Keywords: Bursera, Spodoptera frugiperda, copal, Acetylcholinesterase inhibition, terpenoids and flavonoids

INTRODUCTION

The plant family Burseraceae consists of approximately twenty genera and six hundred species that are widely distributed at low elevations in subtropical regions (Becerra and Venable, 1999). In México, one of the most representative genus is Bursera, locally known as cuajiote or copal with over a hundred species present from the south of the United States of America to Peru (Becerra and Venable, 1999).

Phytochemical studies of the genus Bursera have reported the presence of lignans, bilignans, flavonoids, flavonoid glycosides, steroids, short chain aliphatic alkanes, acetates, alcohols, ketones and terpenoids, the latter mostly monoterpenes while diterpenes and triterpenes occur at lesser extent (Alonso-Castro et al., 2011; Evans et al., 2000; Evans and Becerra, 2006; Hernández-Hernández et al., 2005; Peraza-Sánchez et al., 1995; Souza et al., 1989; Zuňiga et al., 2005). Presence of resins and essential oils is characteristic of the genus and many studies have focused on the chemical characterization of bark or volatiles, however, little is known about the compounds present in leaves and its biological activity.

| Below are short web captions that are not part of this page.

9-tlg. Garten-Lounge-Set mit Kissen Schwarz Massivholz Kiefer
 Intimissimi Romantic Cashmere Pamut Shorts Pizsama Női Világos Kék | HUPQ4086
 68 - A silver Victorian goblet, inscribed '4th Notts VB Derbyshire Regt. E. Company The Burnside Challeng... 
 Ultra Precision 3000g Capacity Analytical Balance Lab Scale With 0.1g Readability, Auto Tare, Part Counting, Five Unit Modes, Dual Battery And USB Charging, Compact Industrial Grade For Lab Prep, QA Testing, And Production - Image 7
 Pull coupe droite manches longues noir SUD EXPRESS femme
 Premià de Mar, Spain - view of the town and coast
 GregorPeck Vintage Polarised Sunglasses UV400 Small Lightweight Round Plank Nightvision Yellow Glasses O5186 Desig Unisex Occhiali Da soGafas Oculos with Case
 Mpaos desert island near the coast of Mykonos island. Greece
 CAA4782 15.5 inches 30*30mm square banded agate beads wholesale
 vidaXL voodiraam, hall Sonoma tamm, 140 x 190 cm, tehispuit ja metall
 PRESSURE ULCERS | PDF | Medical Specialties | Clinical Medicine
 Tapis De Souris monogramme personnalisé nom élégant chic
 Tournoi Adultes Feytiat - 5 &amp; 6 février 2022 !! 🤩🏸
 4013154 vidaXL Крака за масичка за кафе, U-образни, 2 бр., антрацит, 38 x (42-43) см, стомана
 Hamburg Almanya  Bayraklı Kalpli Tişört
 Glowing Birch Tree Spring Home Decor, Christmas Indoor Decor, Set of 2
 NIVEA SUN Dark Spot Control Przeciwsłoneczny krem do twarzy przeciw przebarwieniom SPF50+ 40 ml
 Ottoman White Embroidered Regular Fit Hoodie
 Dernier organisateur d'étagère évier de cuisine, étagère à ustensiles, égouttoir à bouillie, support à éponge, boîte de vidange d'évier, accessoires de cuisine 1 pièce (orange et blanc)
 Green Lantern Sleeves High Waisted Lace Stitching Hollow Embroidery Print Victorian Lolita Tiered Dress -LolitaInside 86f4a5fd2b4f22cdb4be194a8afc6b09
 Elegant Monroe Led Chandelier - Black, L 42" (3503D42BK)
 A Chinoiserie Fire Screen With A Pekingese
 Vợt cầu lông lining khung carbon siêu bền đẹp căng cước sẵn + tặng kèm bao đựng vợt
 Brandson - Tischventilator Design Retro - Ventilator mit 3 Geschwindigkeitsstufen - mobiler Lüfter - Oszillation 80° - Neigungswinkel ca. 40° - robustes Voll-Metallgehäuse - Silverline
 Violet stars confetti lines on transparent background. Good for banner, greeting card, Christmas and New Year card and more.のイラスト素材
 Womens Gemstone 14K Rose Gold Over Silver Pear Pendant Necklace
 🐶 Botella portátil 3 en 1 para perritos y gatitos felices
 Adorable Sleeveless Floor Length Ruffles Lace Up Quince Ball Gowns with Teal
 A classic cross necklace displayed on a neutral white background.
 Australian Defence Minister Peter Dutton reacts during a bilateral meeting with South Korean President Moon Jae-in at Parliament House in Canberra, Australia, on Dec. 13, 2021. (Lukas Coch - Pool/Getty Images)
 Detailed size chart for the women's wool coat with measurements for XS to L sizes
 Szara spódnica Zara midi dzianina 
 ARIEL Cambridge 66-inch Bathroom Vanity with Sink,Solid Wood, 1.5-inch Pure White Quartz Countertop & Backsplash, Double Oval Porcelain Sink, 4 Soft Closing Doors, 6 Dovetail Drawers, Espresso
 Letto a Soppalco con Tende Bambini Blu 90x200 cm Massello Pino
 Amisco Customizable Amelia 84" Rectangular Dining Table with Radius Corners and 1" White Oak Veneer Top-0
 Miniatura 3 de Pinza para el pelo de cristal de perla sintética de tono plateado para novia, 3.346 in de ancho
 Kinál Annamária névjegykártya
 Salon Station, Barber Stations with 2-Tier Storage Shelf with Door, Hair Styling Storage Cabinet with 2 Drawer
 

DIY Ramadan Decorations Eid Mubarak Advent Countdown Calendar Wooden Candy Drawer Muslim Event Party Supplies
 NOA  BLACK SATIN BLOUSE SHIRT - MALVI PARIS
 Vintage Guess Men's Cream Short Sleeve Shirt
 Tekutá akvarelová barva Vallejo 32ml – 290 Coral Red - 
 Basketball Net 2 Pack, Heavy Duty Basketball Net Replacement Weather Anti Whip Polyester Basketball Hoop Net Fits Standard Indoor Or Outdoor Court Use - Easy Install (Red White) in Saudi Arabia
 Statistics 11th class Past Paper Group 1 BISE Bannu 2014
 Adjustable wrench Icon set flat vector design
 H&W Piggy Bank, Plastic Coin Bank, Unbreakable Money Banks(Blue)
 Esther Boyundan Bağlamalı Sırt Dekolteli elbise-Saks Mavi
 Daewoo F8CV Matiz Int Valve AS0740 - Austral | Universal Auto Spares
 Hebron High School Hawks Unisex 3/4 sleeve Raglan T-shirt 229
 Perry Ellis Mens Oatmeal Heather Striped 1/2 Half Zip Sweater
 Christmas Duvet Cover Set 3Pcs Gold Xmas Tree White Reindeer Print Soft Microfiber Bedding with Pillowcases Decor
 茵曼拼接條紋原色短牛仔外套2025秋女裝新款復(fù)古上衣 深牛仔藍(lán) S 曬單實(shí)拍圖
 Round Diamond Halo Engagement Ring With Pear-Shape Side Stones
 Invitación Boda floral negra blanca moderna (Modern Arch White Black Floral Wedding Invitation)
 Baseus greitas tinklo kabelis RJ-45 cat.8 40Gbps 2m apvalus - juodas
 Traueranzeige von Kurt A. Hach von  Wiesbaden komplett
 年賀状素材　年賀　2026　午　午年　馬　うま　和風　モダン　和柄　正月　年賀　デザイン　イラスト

Bursera extracts and compounds have been investigated for a wide range of biological activities for example antioxidant, cytotoxic, nematicidal, bactericidal and acaricidal (Ara et al., 2009; López-Aroche et al., 2008; Rosado-Aguilar et al., 2010; Salinas Sánchez et al., 2009). The species B. copallifera, as well as others present in México, is traditionally used to kill insects (Aldana Llanos et al., 2010; Evans and Becerra, 2006; Maldini et al., 2009).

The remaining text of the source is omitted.